Artık, ortaokul eğitiminin, ilkokulda verilen bilgilerin; lise eğitiminin de ortaokulda verilen bilgilerin tekrarından ibaret olduğu 12 yıllık zorunlu eğitim süresince (18 yaşına kadar) sistemde kalan öğrenci; genelde bir yüksek liseden farkı olmayan üniversiteye giremediği veya üniversite sonrası işsiz kaldığı takdirde başka bir meslek, zanaat veya beceri kazanma fırsatını da kaybetmektedir. Sonuçta üniversite mezuniyeti ve yüksek lisansla birlikte 22-24 yaşına kadar süren bu “zaman ve mekân bağımlı” aşamalar, insan gücü kaynağımızın, beceri ve yeteneklerine göre uygun yaş aralıklarında, uygun alanlara yönlendirilmesini engelliyor.

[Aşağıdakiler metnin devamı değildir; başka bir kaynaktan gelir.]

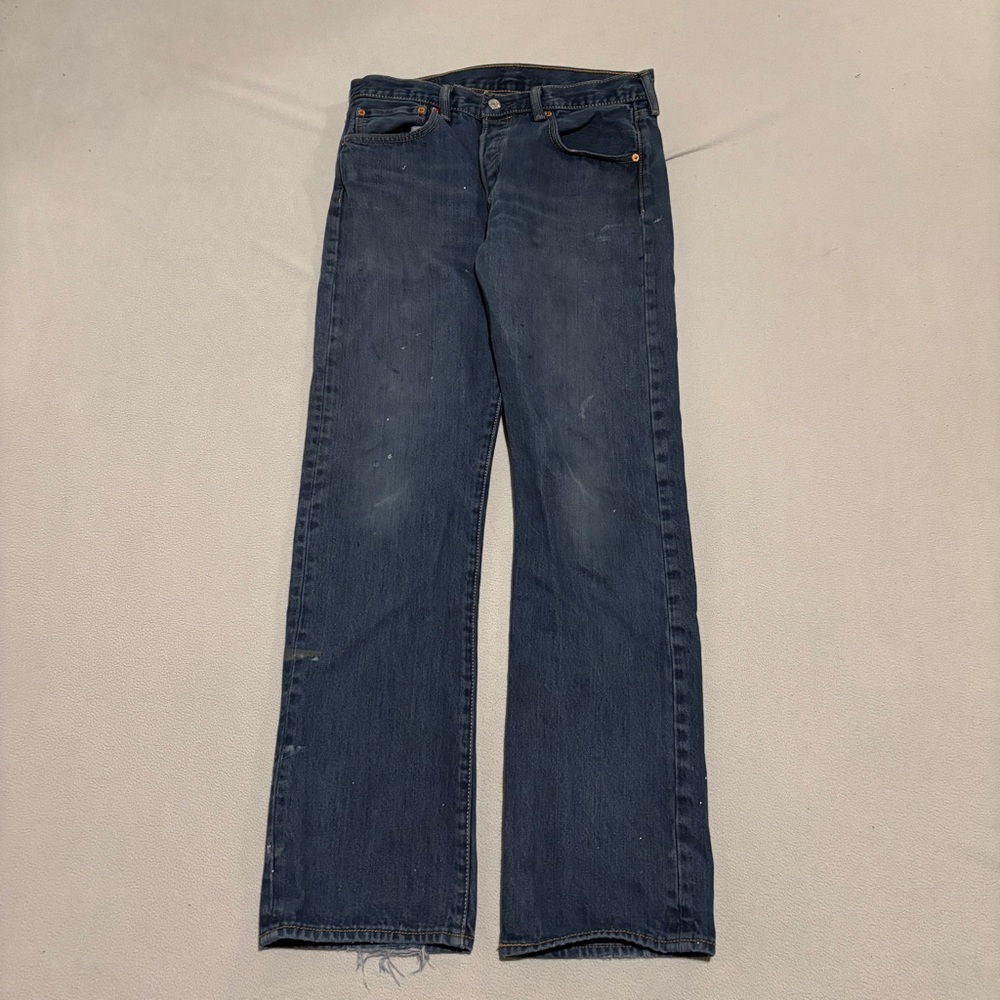 Levis 501 Jeans Mens 32x32 Blue‎ Straight Leg Regular Denim Grunge Casual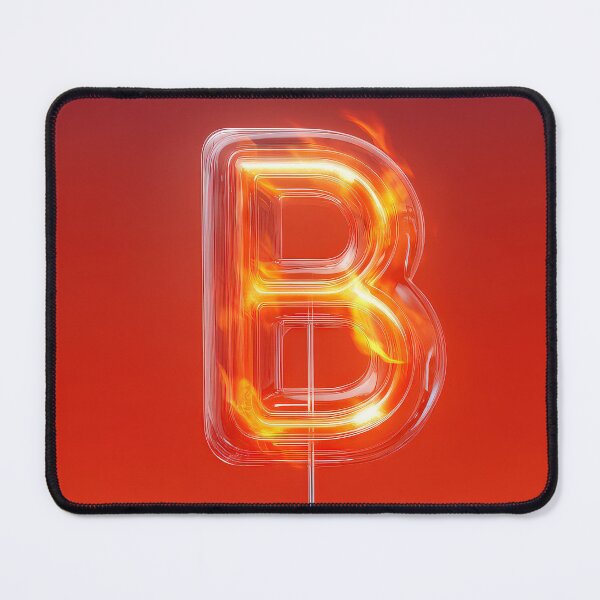 Item preview, Glowing Neon Letter B on Red Background – Modern Luminous Typography Art designed and sold by Grafititee.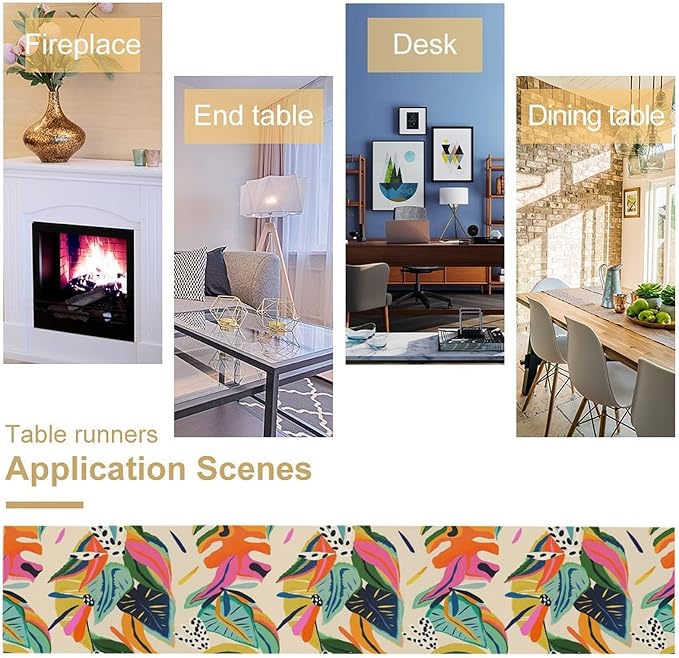Colorful Flower Table Runner,Abstract Flower Blossom Botanical Pattern Print Tablecloth Burlap for Hotel Indoors Outdoor Dining Room Kitchen Table Decor, 13x60in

Düşünün; ülkenin mevcut ekonomik kalkınma ve teknolojik gelişmişlik düzeyi, üretim modeli ve sanayi altyapısı; sizden üniversite mezunu istemediği halde siz habire üniversite mezunu yetiştiriyorsunuz. İş ve ticaret hayatı ve üretim sektörleri, sizden ara insan gücü, zanaat ve beceri sahibi kalifiye eleman yetiştirmenizi istiyor; siz aksine her yıl ellerine üniversite diploması verdiğiniz milyonlarca genci, işsizler kervanına katıyorsunuz.

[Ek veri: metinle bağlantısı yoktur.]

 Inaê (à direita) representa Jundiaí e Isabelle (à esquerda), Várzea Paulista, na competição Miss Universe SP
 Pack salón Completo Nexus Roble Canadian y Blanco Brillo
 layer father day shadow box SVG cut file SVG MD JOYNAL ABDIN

Lise birinci sınıftan itibaren zorlu üniversiteye hazırlık süreci, 4 yıllık üniversite öğrenimi, ardından iş ve meslek sınavlarına hazırlık, yüksek lisans derken; ortalama 10 yılını piyasada karşılığı olmayan bir diploma uğruna harcamanın, “piyango ikramiyesi kazanmaktan farksız” kamuya girme şansına kavuşan mutlu bir azınlık dışında, genel mezunlar kitlesi için ürettiği sonuç, büyük bir hayal kırıklığından ibarettir. Çift üniversite diplomalı tezgahtarlar, iktisat-işletme mezunu kasiyerler, yüksek lisanslı gece bekçileri, öğretmenliğe atanamayan temizlik elemanları, şantiyelerde puantaj görevi verilen mühendisler, bu çarpık tabloyu yansıtan yaygın örneklerdir.
Üniversite diplomasını, yüksek bir ideal, bir “fetiş” haline getiren mevcut eğitim sistemimizin her yıl (üniversitelere kaydettiği ve masa başı iş beklentisiyle en değerli zamanlarını kafelerde öldürmelerine sebep olduktan verdiği milyonlarca mezun, ülke kaynaklarının heba edilmesine yol açıyor. Bunlar ayrıca,“devletin üniversiteyi bitiren herkesi istihdam etmesi gerektiği” algısını besliyor ve siyasi iktidarlar üzerinde “yeni memuriyet kadrolarının açılması” ve kamu istihdamını şişirme yönünde sürekli baskı uyguluyor.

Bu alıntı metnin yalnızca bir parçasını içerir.